VISTA.. _advanced_usage-reinforcement_learning:

Reinforcement Learning

Based on what we discussed in the previous section for guided policy learning where we actively generate data with off-human-trajectory initialization and a privileged controller for correction, we can consider the further extreme of exploiting the “activeness” of applying VISTA on a passive dataset. This leads to reinforcement learning (RL), where an agent is allowed to interact with the environment, collect training data itself, and learn to achieve good task performance.

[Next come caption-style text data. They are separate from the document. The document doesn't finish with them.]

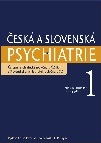 Česká a Slovenská psychiatrie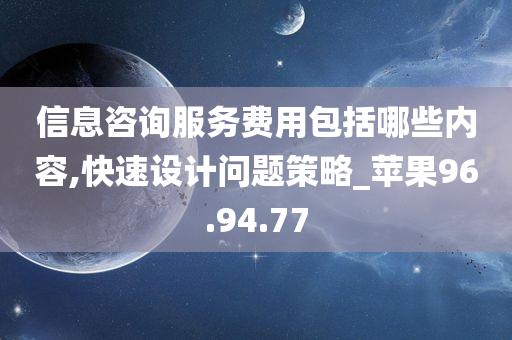 信息咨询服务费用包括哪些内容,快速设计问题策略_苹果96.94.77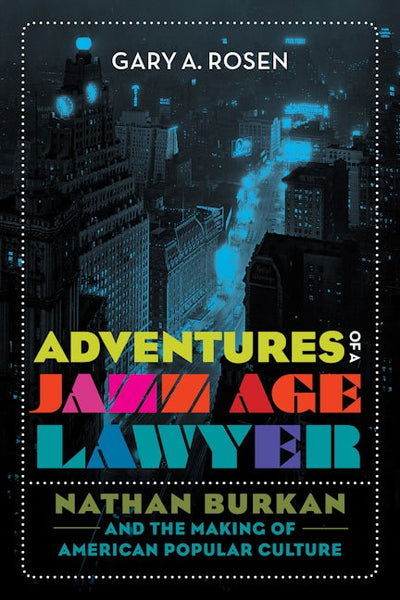 Adventures of a Jazz Age Lawyer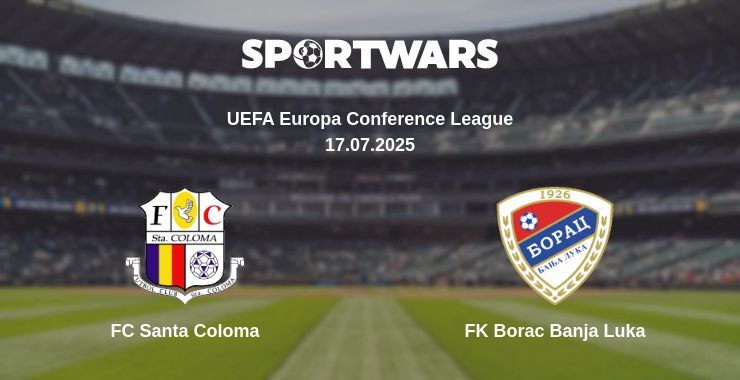 FC Santa Coloma - FK Borac Banja Luka watch online broadcast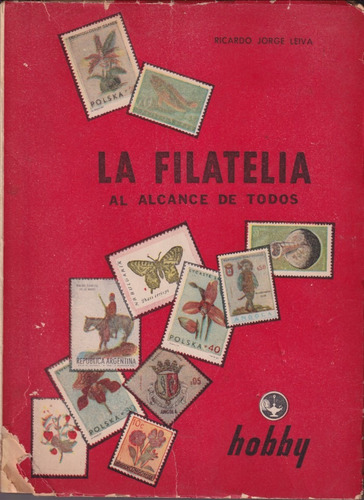 La Filatelia Al Alcance De Todos Ricardo Jorge Leiva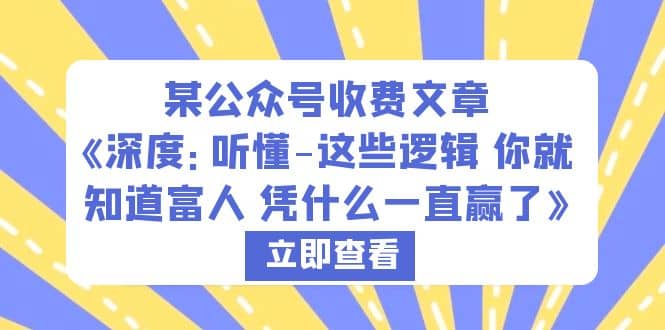 某公众号收费文章《深度：听懂-这些逻辑 你就知道富人 凭什么一直赢了》网创吧-网创项目资源站-副业项目-创业项目-搞钱项目共创吧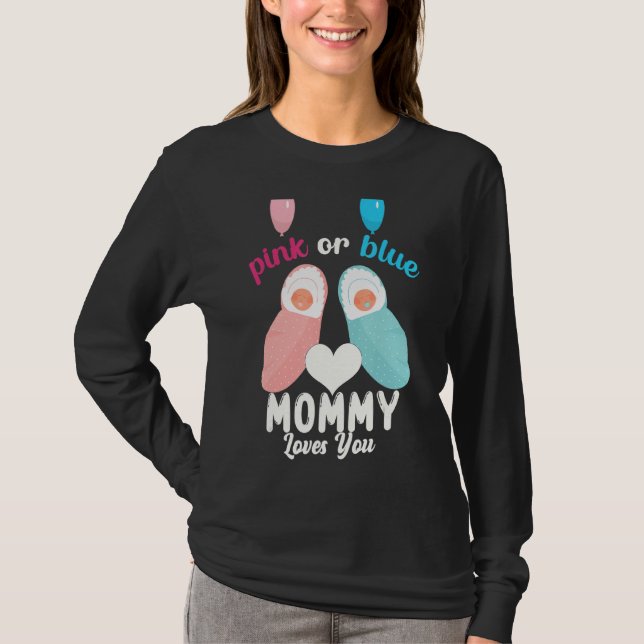 Pink Or Blue Mommy Loves You Gender Reveal Baby 1 T-Shirt (Front)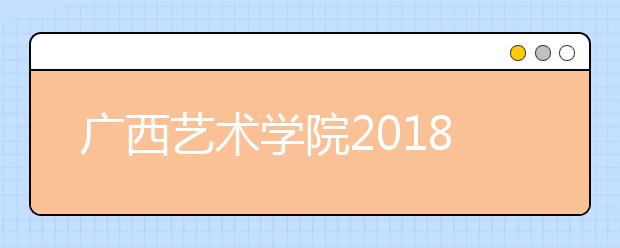 广西艺术学院2018年黑龙江省艺术类本科专业录取分数线
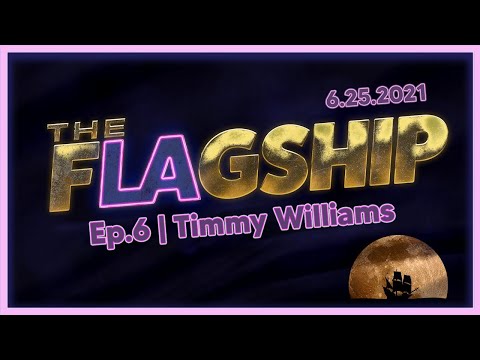 The Flagship ⚑ Ep 6: Timmy Williams 6/25/2021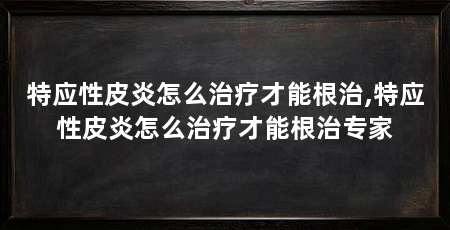 特应性皮炎怎么治疗才能根治,特应性皮炎怎么治疗才能根治专家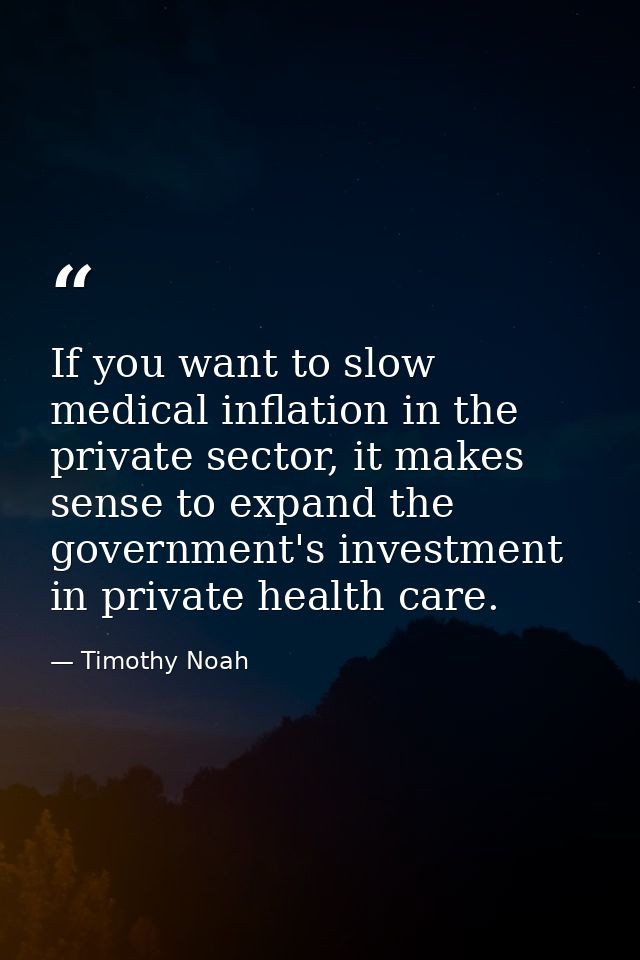 If you want to slow medical inflation in the private sector, it makes sense to expand the government's investment in pri — Timothy Noah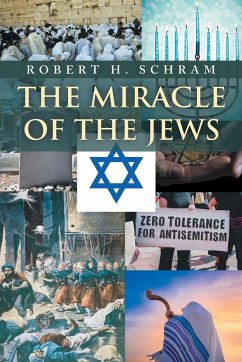 The Miracle of the Jews - Schram, Robert H.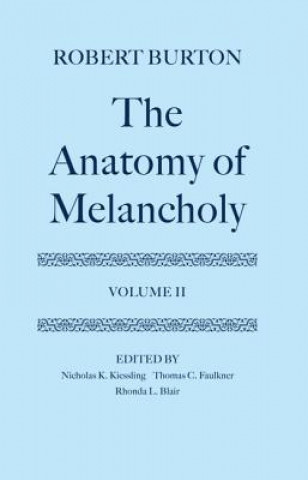 Könyv Anatomy of Melancholy: Volume II Robert Burton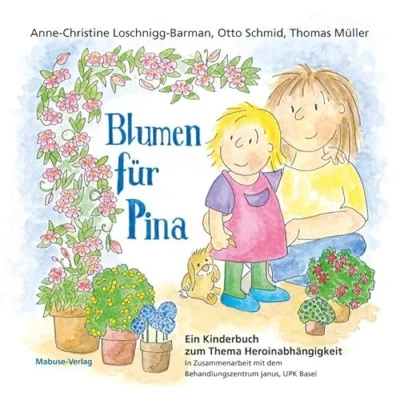 Afbeelding van Blumen für Pina: Ein Kinderbuch zum Thema Heroinabhängigkeit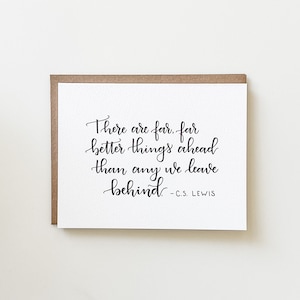 May include: A white card with black calligraphy that reads "There are far, far better things ahead than any we leave behind - C.S. LEWIS".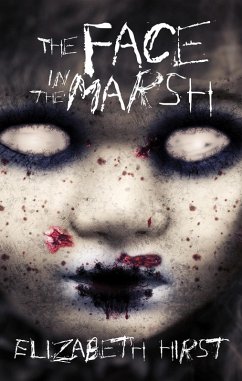 The Face in the Marsh (eBook, ePUB) - Hirst, Elizabeth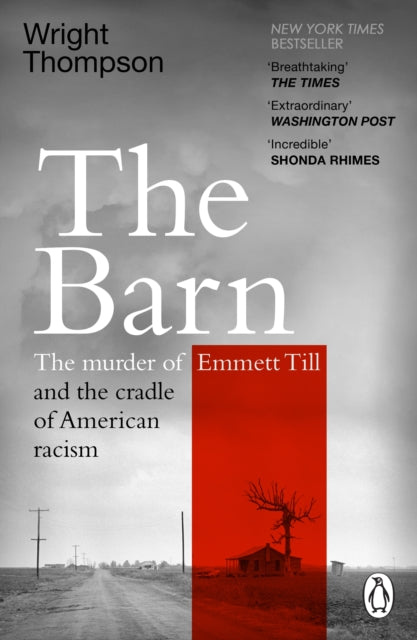 The Barn: The Murder of Emmett Till and the Cradle of American Racism by Wright Thompson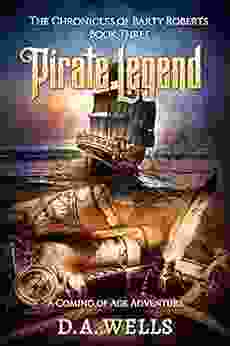 Pirate Legend: The Chronicles Of Barty Roberts Three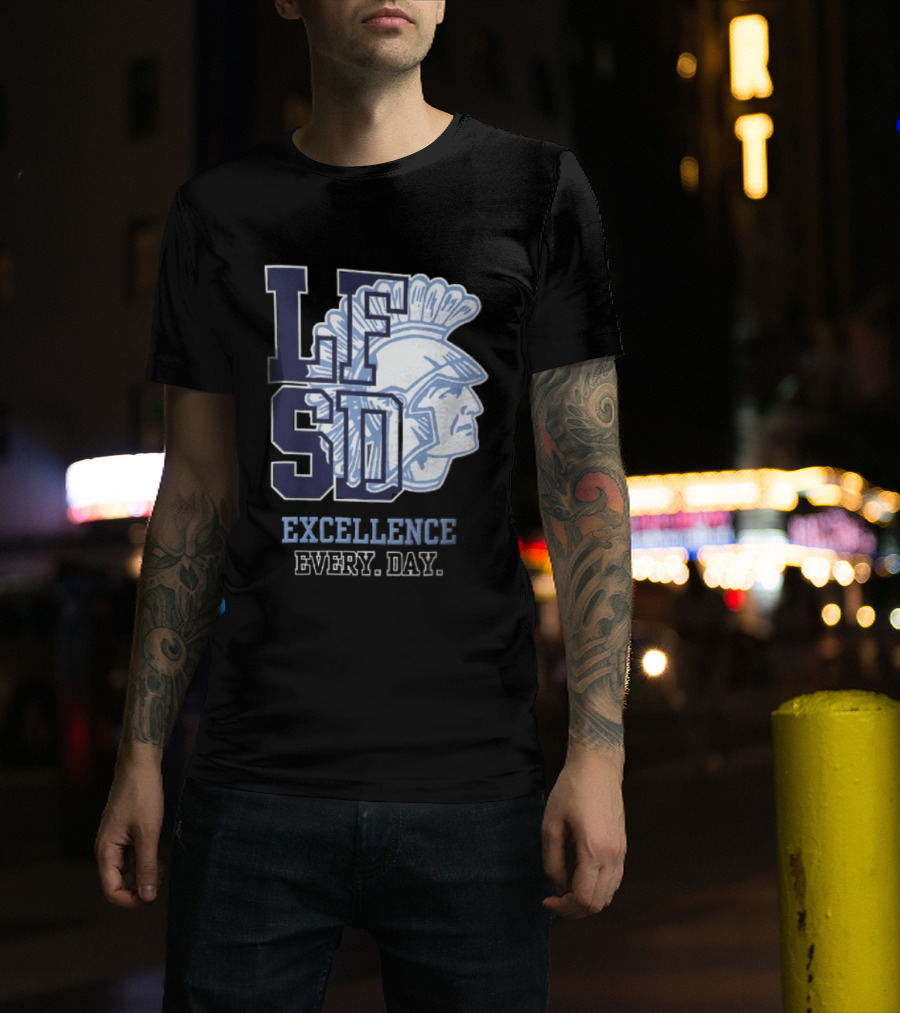 LFSD Trojans Lake Forest School District Excellence Every Day T-Shirt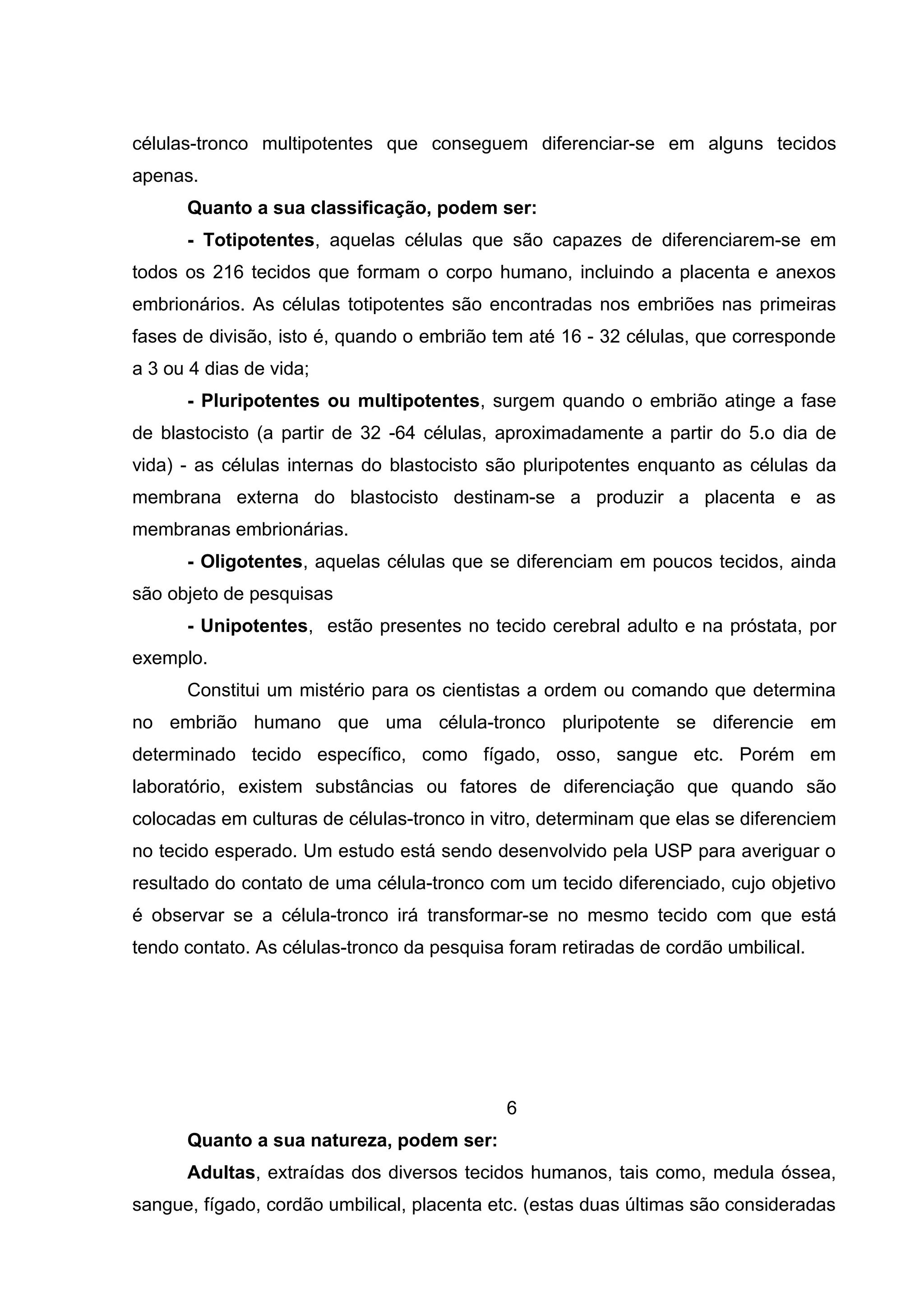 células-tronco multipotentes que conseguem diferenciar-se em alguns tecidos
apenas.
      Quanto a sua classificação, podem ser:
      - Totipotentes, aquelas células que são capazes de diferenciarem-se em
todos os 216 tecidos que formam o corpo humano, incluindo a placenta e anexos
embrionários. As células totipotentes são encontradas nos embriões nas primeiras
fases de divisão, isto é, quando o embrião tem até 16 - 32 células, que corresponde
a 3 ou 4 dias de vida;
      - Pluripotentes ou multipotentes, surgem quando o embrião atinge a fase
de blastocisto (a partir de 32 -64 células, aproximadamente a partir do 5.o dia de
vida) - as células internas do blastocisto são pluripotentes enquanto as células da
membrana externa do blastocisto destinam-se a produzir a placenta e as
membranas embrionárias.
      - Oligotentes, aquelas células que se diferenciam em poucos tecidos, ainda
são objeto de pesquisas
      - Unipotentes, estão presentes no tecido cerebral adulto e na próstata, por
exemplo.
      Constitui um mistério para os cientistas a ordem ou comando que determina
no embrião humano que uma célula-tronco pluripotente se diferencie em
determinado tecido específico, como fígado, osso, sangue etc. Porém em
laboratório, existem substâncias ou fatores de diferenciação que quando são
colocadas em culturas de células-tronco in vitro, determinam que elas se diferenciem
no tecido esperado. Um estudo está sendo desenvolvido pela USP para averiguar o
resultado do contato de uma célula-tronco com um tecido diferenciado, cujo objetivo
é observar se a célula-tronco irá transformar-se no mesmo tecido com que está
tendo contato. As células-tronco da pesquisa foram retiradas de cordão umbilical.




                                             6
      Quanto a sua natureza, podem ser:
      Adultas, extraídas dos diversos tecidos humanos, tais como, medula óssea,
sangue, fígado, cordão umbilical, placenta etc. (estas duas últimas são consideradas
 
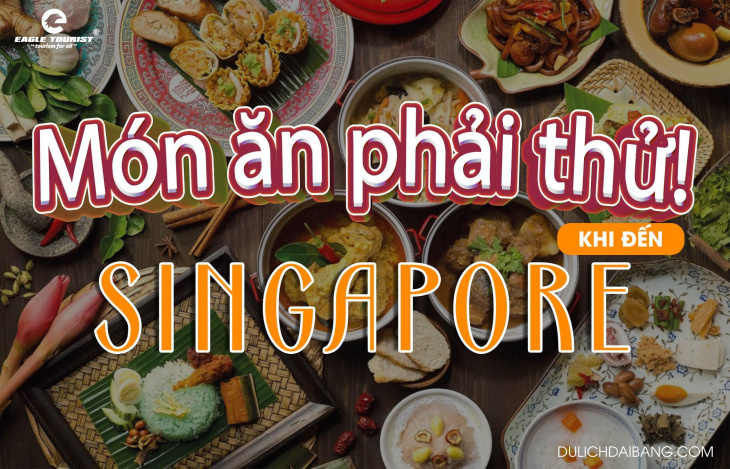 khám phá, trải nghiệm, tổng hợp 10 món ăn nhất định phải thử khi đến singapore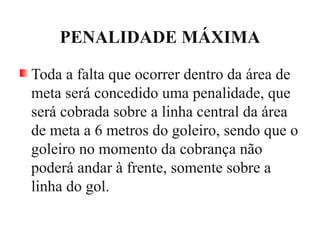 PENALIDADE MÁXIMA
Toda a falta que ocorrer dentro da área de
meta será concedido uma penalidade, que
será cobrada sobre a linha central da área
de meta a 6 metros do goleiro, sendo que o
goleiro no momento da cobrança não
poderá andar à frente, somente sobre a
linha do gol.
 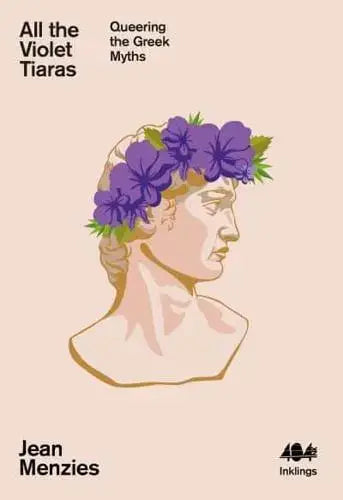 All the Violet Tiaras Queering the Greek Myths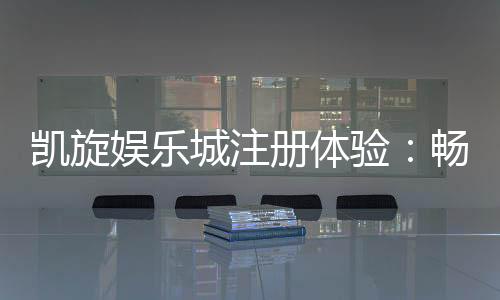凯旋娱乐城注册体验:畅享豪华游戏礼遇与新手专属福利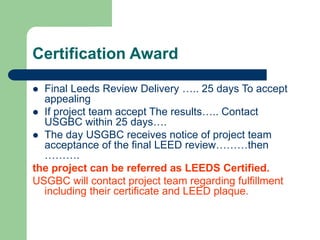 Certification Award
 Final Leeds Review Delivery ….. 25 days To accept
appealing
 If project team accept The results….. Contact
USGBC within 25 days….
 The day USGBC receives notice of project team
acceptance of the final LEED review………then
……….
the project can be referred as LEEDS Certified.
USGBC will contact project team regarding fulfillment
including their certificate and LEED plaque.
 
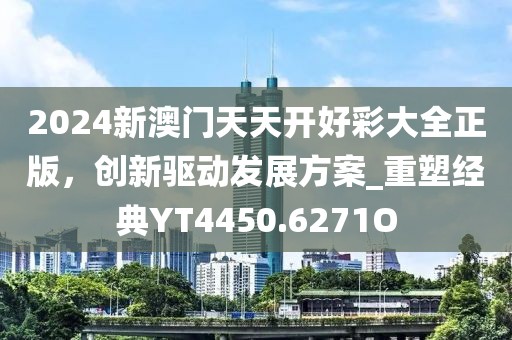 2024新澳门天天开好彩大全正版，创新驱动发展方案_重塑经典YT4450.6271O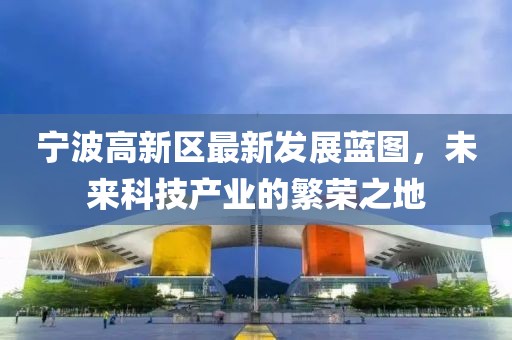 宁波高新区最新发展蓝图，未来科技产业的繁荣之地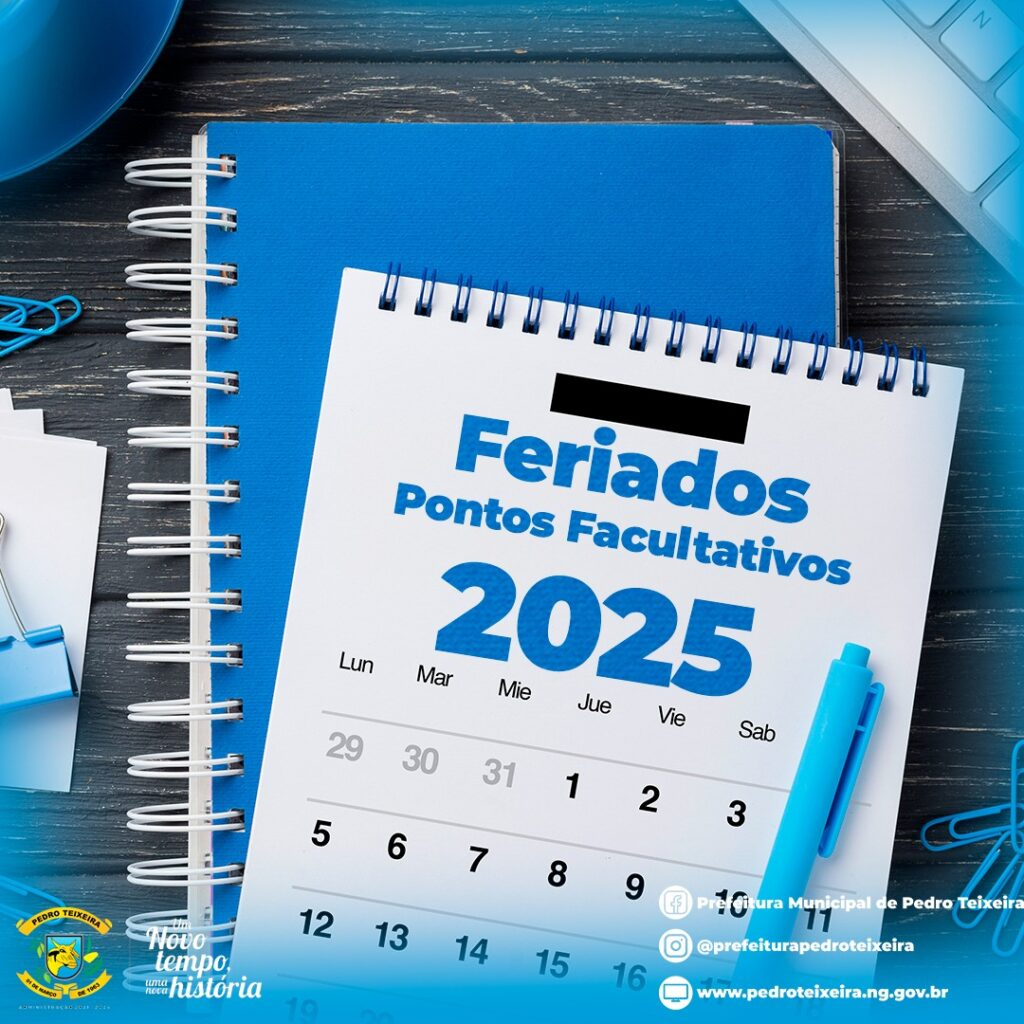 Prefeitura De Pedro Teixeira Divulga Calendário De Feriados E | Decreto Municipal Calendário De Pontos Facultativos 2025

Here we show how to use VISTA to define a RL environment for learning a policy.

Implementation-wise, there are four major components to be defined, namely the observations, environment dynamics, reward function, and terminal condition. Observations are simply sensor data and environment dynamics is how the ego car moves after applying some control commands, which is already embedded in the vehicle state update (and collision if multi-agent scenario is considered). Thus, we need to further define the reward function and terminal conditions. For example, if we consider lane following,

def step(self, action, dt=1 / 30.):
    # Step agent and get observation
    agent = self._world.agents[0]
    action = np.array([action[agent.id][0], agent.human_speed])
    agent.step_dynamics(action, dt=dt)
    agent.step_sensors()
    observations = agent.observations

    # Define terminal condition
    done, info_from_terminal_condition = self.config['terminal_condition'](
        self, agent.id)

    # Define reward
    reward, _ = self.config['reward_fn'](self, agent.id,
                                         **info_from_terminal_condition)

    # Get info
    # ...

    # Pack output
    observations, reward, done, info = map(
        self._append_agent_id, [observations, reward, done, info])

    return observations, reward, done, info

, where self.config['terminal_condition'] can be defined as when the car is off the lane (too far away from the lane center) or the car heading deviates too much from the road curvature. Note that apart from being the terminal condition for the lane following task, the above-mentioned two constraints should be satisfied since VISTA only allows for high-fidelity synthesis locally around the original passive dataset.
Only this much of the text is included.